Am Ende der Sendung geht es wieder um das Thema, was bereits zu Beginn diskutiert wurde: Leben und Tod. Dazu hat gerade Theologe Manfred Lütz interessante Vorstellungen. "Ich glaube an das ewige Leben, aber nicht an das unendliche. Das wäre auch die Hölle."
Baum ist kein gläubiger Christ, glaubt jedoch, dass es Werte gebe, "die ewig sind". "Die FDP kann es nicht sein", entgegnet Lanz leicht scherzhaft darauf. "Über die FDP sprechen wir heute nicht", sagt der Ex-Innenminister.

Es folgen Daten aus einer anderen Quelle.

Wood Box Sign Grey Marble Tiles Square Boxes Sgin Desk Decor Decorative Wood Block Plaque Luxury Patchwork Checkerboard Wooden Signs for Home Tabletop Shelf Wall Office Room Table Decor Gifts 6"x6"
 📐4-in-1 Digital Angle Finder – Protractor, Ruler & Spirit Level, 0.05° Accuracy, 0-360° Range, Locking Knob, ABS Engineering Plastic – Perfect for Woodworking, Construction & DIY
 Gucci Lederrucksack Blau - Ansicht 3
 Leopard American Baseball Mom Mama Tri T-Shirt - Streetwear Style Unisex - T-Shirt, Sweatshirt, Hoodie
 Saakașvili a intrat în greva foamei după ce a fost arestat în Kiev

Am Schluss der Sendung debattiert die Runde noch über das anstehende Weihnachtsfest beziehungsweise dessen Bedeutung. "Ist die Sendung schon rum?", fragt die Philosophin und Moderatorin der ZDF-Sendung "Das Literarische Quartett". Sie sagt, die beste Weise mit der derzeitigen Krise umzugehen, sei das Gelassenheitsgebet. Folglich, die Gelassenheit zu haben, Dinge hinzunehmen, die man nicht ändern kann, den Mut zu haben, Dinge zu ändern, die man ändern kann, und die Weisheit, das eine vom anderen zu unterscheiden. "Gott, gib mit die Gelassenheit", wirft Lütz noch mit einem Augenzwinkern ein – denn so heiße das Gebet richtig.